Uses Recycled Waste to Generate Uncontaminated Clinker with Less Harm to the Environment

This highly efficient plasma arc reactor eliminates fuel-borne CO2 emissions and facilitates recycled waste use in manufacturing traditional portland cement. The concrete and cement industry is expected to grow 8 percent by 2023 . Cement plants worldwide utilize a rotatory kiln to generate the clinker used to produce portland cement. However, these kilns negatively contribute to total greenhouse gas emissions and cannot perform at exceedingly high temperatures, limiting the efficiency of cement manufacturing.

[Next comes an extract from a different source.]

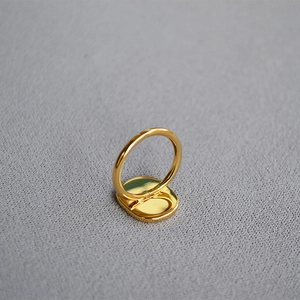 Minimalist gold-plated coconut tree ring with blue enamel inlay on a grey fabric background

Researchers at the University of Florida have developed a high-temperature plasma arc reactor capable of producing the main ingredient of portland cement, clinker, in a highly controlled environment. This reactor avoids the clinker contamination possible with rotary kilns, enables use of recycled waste byproducts in cement manufacturing, and has a less harmful impact on the environment.

Application

A high-temperature plasma arc reactor for cement clinker production that reduces the carbon footprint of cement manufacturing

Advantages

• Allows the use of non-organic waste materials to produce clinker, reducing the carbon footprint of cement manufacturing
• Operates using grid power or renewable battery banks, cutting the fuel-borne CO2 emissions of cement plants
• Avoids clinker contamination by fuel combustion residues and refractories, enabling the production of an ideal portland cement
• Forms clinker at temperatures above rotary kiln maximums, dramatically increasing cement production efficiency

Technology

This reactor aims to optimize and refine cement clinker production by employing high temperatures and a controlled environment. The reactor utilizes a plasma torch to perform the thermal treatment and can fully automate temperature up to 3,000 degrees Celsius, which is twice the temperature produced by a rotary kiln. It also generates the heat without traditional fuel sources to eliminate fuel-borne C02 emissions. After manufacturing clinker, a quantitative X-ray diffraction uses a Rietveld refinement technique to analyze its mineralogical compositions for optimal cement phases.